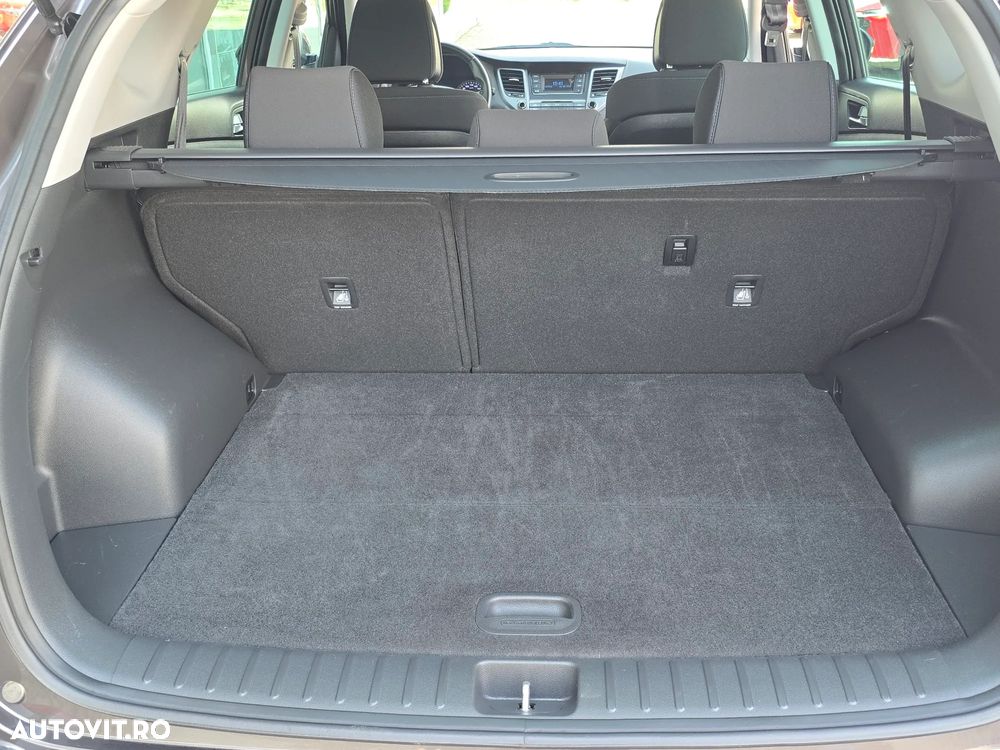 Hyundai Tucson 1.6 GDI 2WD 6MT ISG Comfort - 20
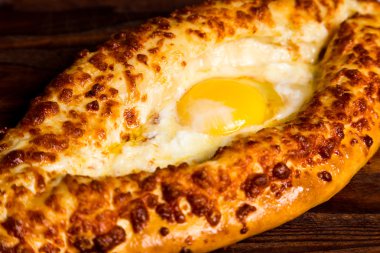 Ulusal beyaz bulaşık khachapuri Acaralı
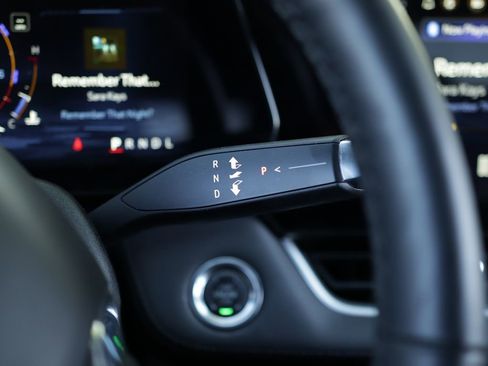 Used 2025 Chevrolet Equinox LT image 20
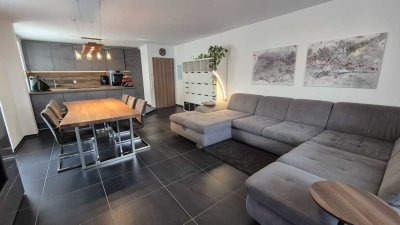 Moderne 4-Zimmer-Wohnung mit EBK, Terrasse und eigenem Gartenanteil in Reutlingen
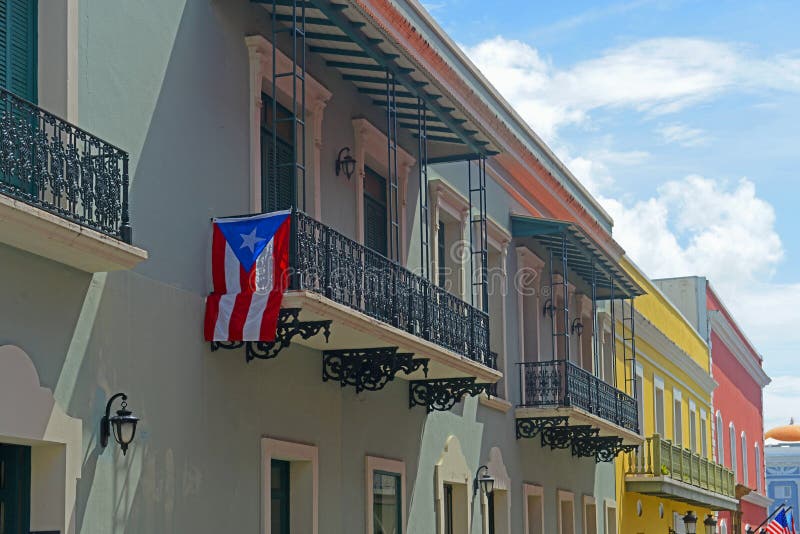 Construção histórica em San Juan velho, Porto Rico fotos de stock Construção histórica em San Juan velho, Porto Rico fotos de stock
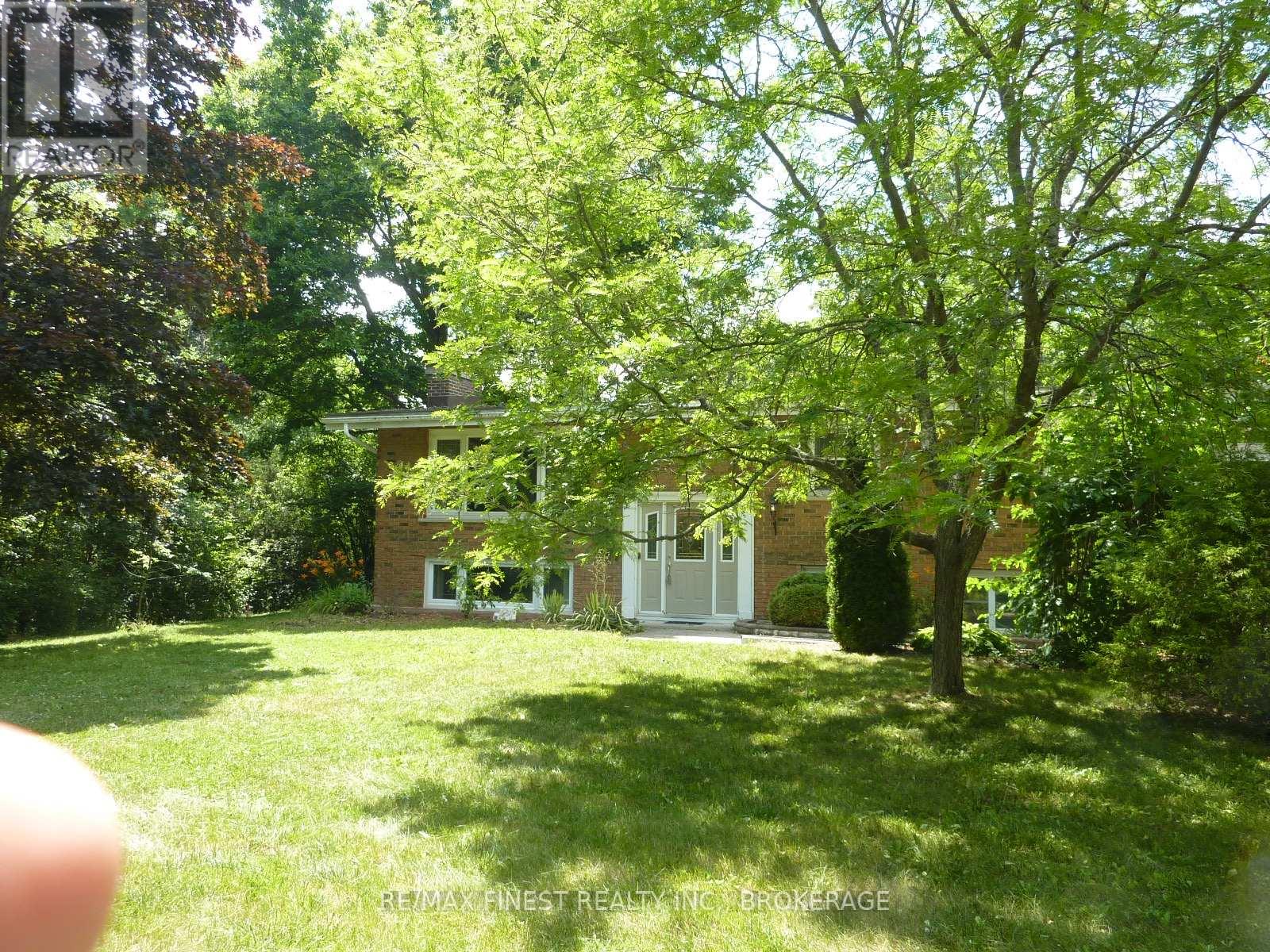 2887 PERTH ROAD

* **WORK TASK**:
Leaving out any pictures, write the records above out exactly as they are.

* **SOLUTION BELOW**:
 Hyundai Tucson 1.6 GDI 2WD 6MT ISG Comfort - 20
 Ulusal beyaz bulaşık khachapuri Acaralı
 Used 2025 Chevrolet Equinox LT image 20
 Moderne 4-Zimmer-Wohnung mit EBK, Terrasse und eigenem Gartenanteil in Reutlingen
 Construção histórica em San Juan velho, Porto Rico fotos de stock Construção histórica em San Juan velho, Porto Rico fotos de stock
 2887 PERTH ROAD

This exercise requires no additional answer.